What exactly are you suggesting here? A standardized test that applies to all your job applications? Or, a candidate having to drive to a test center for every company they apply to? Or something else?

the idea is sound. create a basic standardized test targeted at tech/engineering jobs. not actually SAT -- operated by a vendor like The College Board. There are plenty of standardized test operators

  • When I'm interviewing, I'm putting about 30% of the weight towards "would I enjoy working with this person on a daily basis?", but in the context of technical discussions. Standardized testing won't be able to replicate it.

  • Would certainly make it easy for employers to differentiate themselves by saying “well, at least we don’t do THAT”.

    • Interviewing fads are set by these large companies that have the problem of systematically evaluating many thousands of candidates. A standardized test is all they want. Then they could do the rest like college admissions, and at a fraction of the cost.

  • That’s what Triplebyte planned on. The truth is I don’t trust anyone else to run evals.

  • This largely misses what an interview is all about, save for entry level positions.

    • given the in-person interview is at the end of the funnel by a factor of 500-1000, standardized testing might even open up opportunity for under represented candidates.

      Think of how poor the screening process is at the recruiter & CTS (left side) of the funnel, and how many false negatives there are .

      If you could offer standardized test at that level, you may be able to keep viable candidates in the funnel longer.

    • I don’t think that the suggestion is that the standarised test is the only filter. It is merely one out of many.

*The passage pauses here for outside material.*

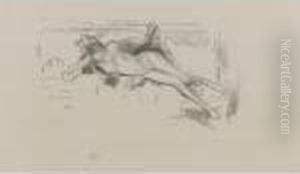 Nude Model, Reclining (s./s./t. 63; W. 47) by James Abbott McNeill Whistler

Standardized plus the ability for companies to do their own test after they pass the standard one. So go get prescreened at test center then use that test to apply for jobs. Company either flys you in for in-person or sends you back to test center to do live remote interview in controlled environment.

  • It's been tried and failed: Sun Microsystems pushed certifications in the 90s. Pass the test on some technology, get the certification. Then they studied performance. The result? More certifications implied a worse employee. The reason was the top performing employees had no time to study for the exams, but the managers of the bottom performing employees were happy to send them off to training and testing. And then the certification fad came mostly to an end.

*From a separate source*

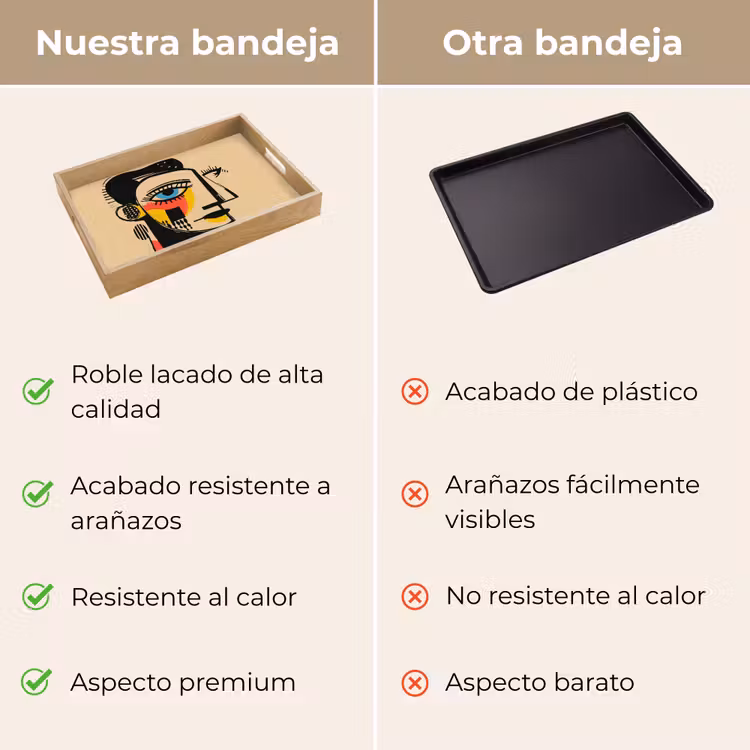Bandeja - Geométrico - Colores vivos - Estilo cubista — 9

    • That was something quite different that got tried. This would be more based on aptitude rather than knowledge.

      Of course, they'd miss out on some good talent. But in the article where it shows the quote of someone getting rejected for not inverting a binary tree on a whiteboard, that doesn't seem like a terrible thing to test for.

    • I always felt like the Sun and Cisco certs were more about creating people that would push their products on other companies.

      Big Tech / Unicorn / Wannabe Unicorn prescreens are all basically standardized now anyway.